- _TASK DIRECTIONS_
Print the entries below exactly as they appear, from the first line up to and including the line with "CHD3 Antibody - Immunofluorescence". Do not print any pictures.

Crawled caption data
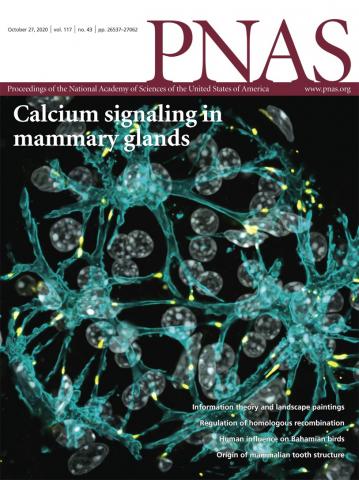 Prevention of hepatitis C virus infection in chimpanzees by hyperimmune serum against the hypervariable region 1 of the envelope 2 protein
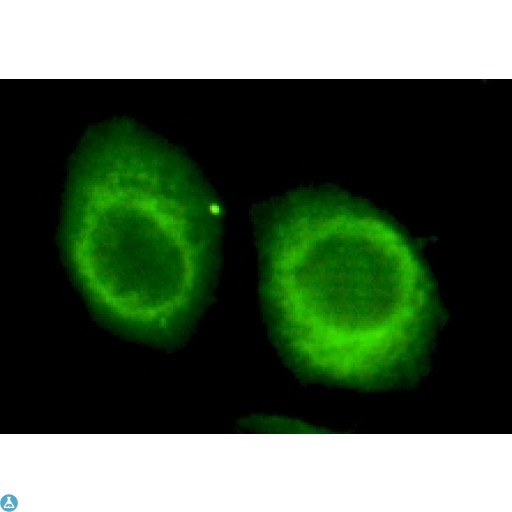 CHD3 Antibody - Immunofluorescence (IF) analysis of HeLa cells using Mi2-alpha Monoclonal Antibody.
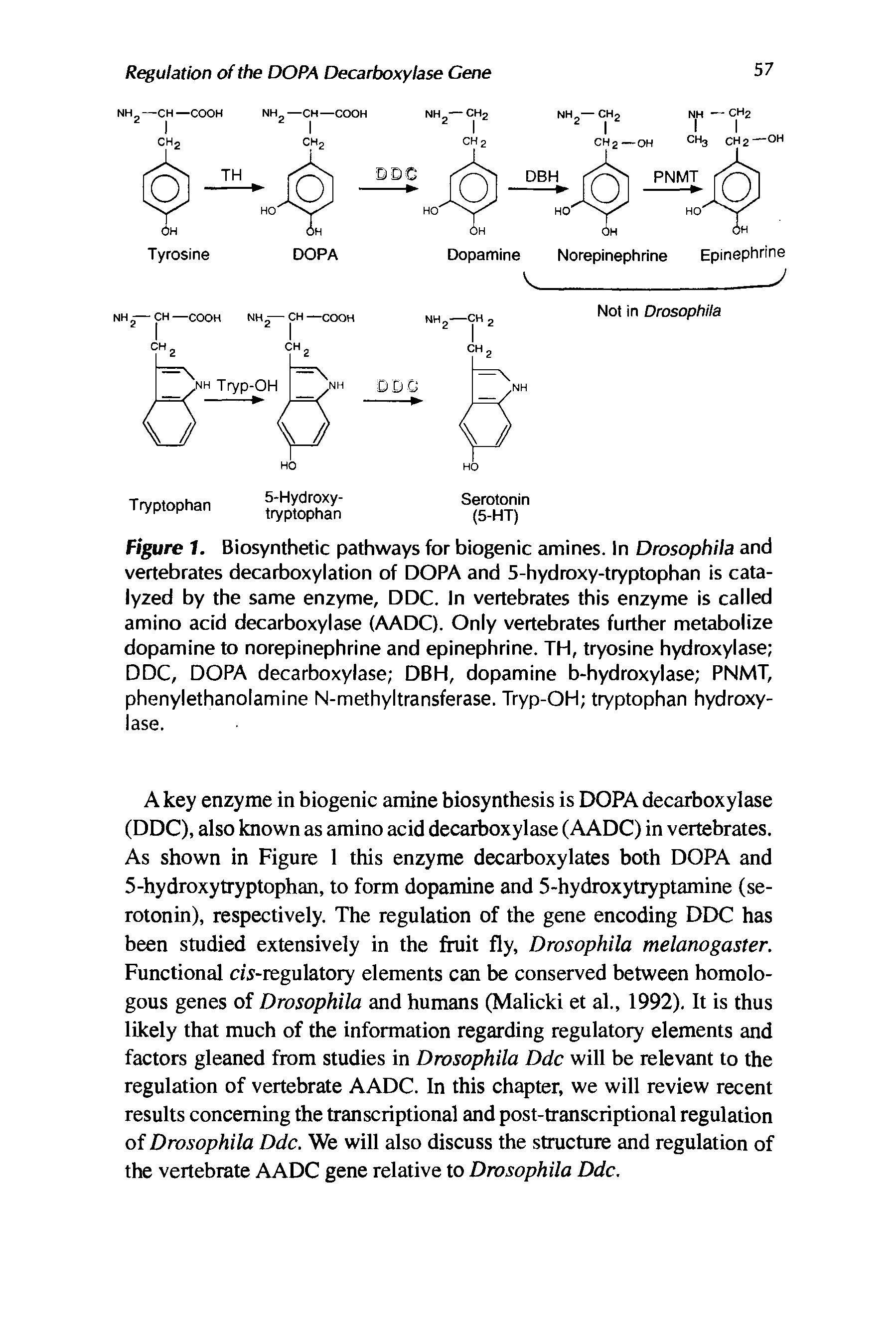 Figure 1. Biosynthetic pathways for biogenic amines. In Drosophila and vertebrates decarboxylation of DOPA and 5-hydroxy-tryptophan is catalyzed by the same enzyme, DDC. In vertebrates this enzyme is called amino acid decarboxylase (AADC). Only vertebrates further metabolize dopamine to norepinephrine and epinephrine. TH, tryosine hydroxylase DDC, DOPA decarboxylase DBH, dopamine b-hydroxylase PNMT, phenylethanolamine N-methyltransferase. Tryp-OH tryptophan hydroxylase.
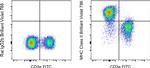 MHC Class II (I-A/I-E) Antibody in Flow Cytometry (Flow)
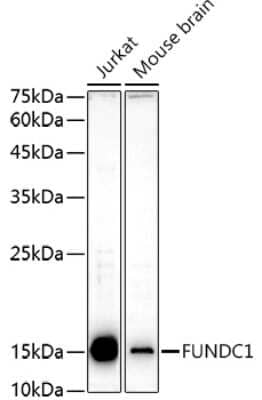 Western Blot: FUNDC1 AntibodyAzide and BSA Free [NBP3-03955]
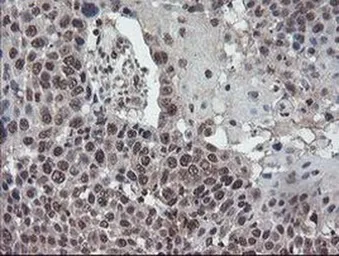 Anti-TDO2 antibody [OTI2A4] used in IHC (Paraffin sections) (IHC-P). GTX04090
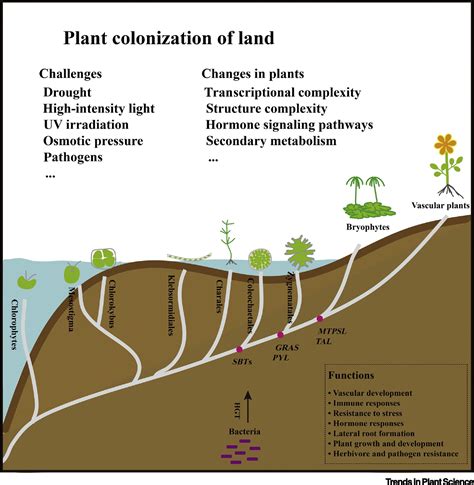 Plant Colonization Of Land Mining Genes From Bacteria Trends In Plant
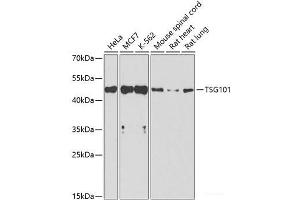 Western blot analysis of extracts of various cell lines using TSG101 Polyclonal Antibody at dilution of 1:1000. (TSG101 antibody)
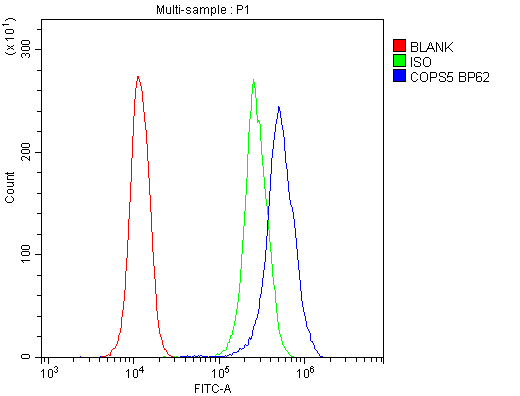 COPS5 / JAB1 Antibody - Flow Cytometry analysis of U937 cells using anti-JAB1 antibody. Overlay histogram showing U937 cells stained with anti-JAB1 antibody (Blue line). The cells were blocked with 10% normal goat serum. And then incubated with rabbit anti-JAB1 Antibody (1µg/10E6 cells) for 30 min at 20°C. DyLight®488 conjugated goat anti-rabbit IgG (5-10µg/10E6 cells) was used as secondary antibody for 30 minutes at 20°C. Isotype control antibody (Green line) was rabbit IgG (1µg/10E6 cells) used under the same conditions. Unlabelled sample (Red line) was also used as a control.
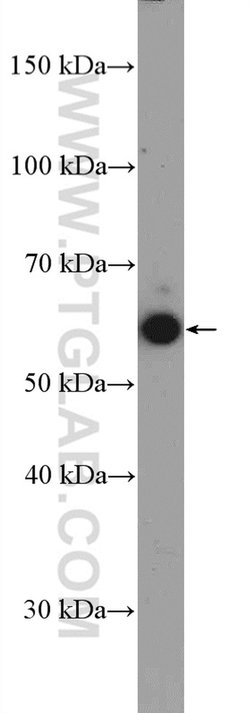 MEF2D Rabbit anti-Human, Mouse, Rat, Polyclonal, Proteintech:Antibodies:Primary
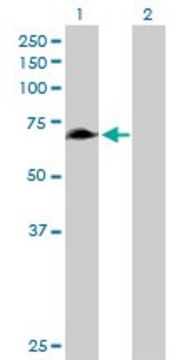 Anti-RHPN1 antibody produced in mouse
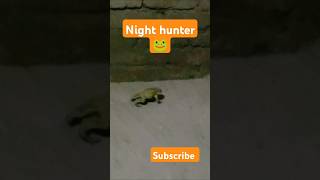 Frog 🐸frog song wildsong funny wildlife viralvideo trendingshorts [upl. by Asikal]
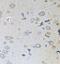 Protein MEMO1 antibody, FNab05122, FineTest, Immunohistochemistry frozen image 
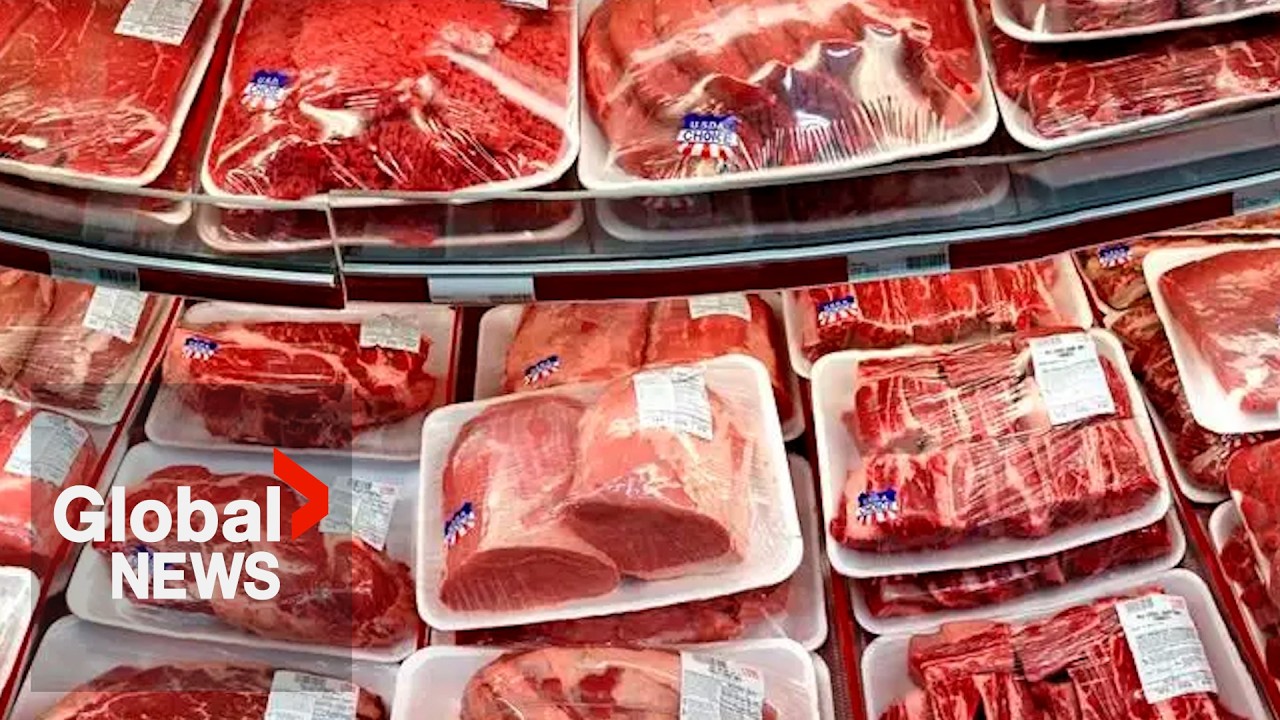 Canadians seek new sources of protein amid rising cost of meat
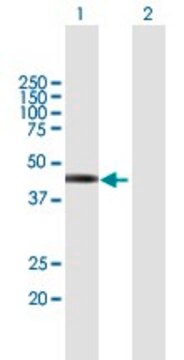 Anti-TSPY2 antibody produced in mouse purified immunoglobulin, buffered aqueous solution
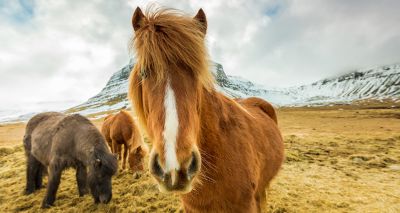 Research finds new immune-related genes in horses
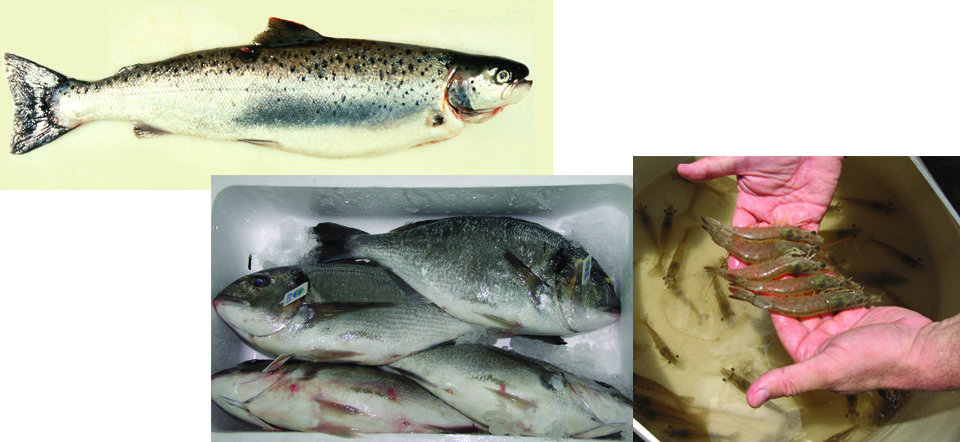 aquaculture genomics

- _SOLUTION FOR THIS TASK_
 Prevention of hepatitis C virus infection in chimpanzees by hyperimmune serum against the hypervariable region 1 of the envelope 2 protein
 CHD3 Antibody - Immunofluorescence (IF) analysis of HeLa cells using Mi2-alpha Monoclonal Antibody.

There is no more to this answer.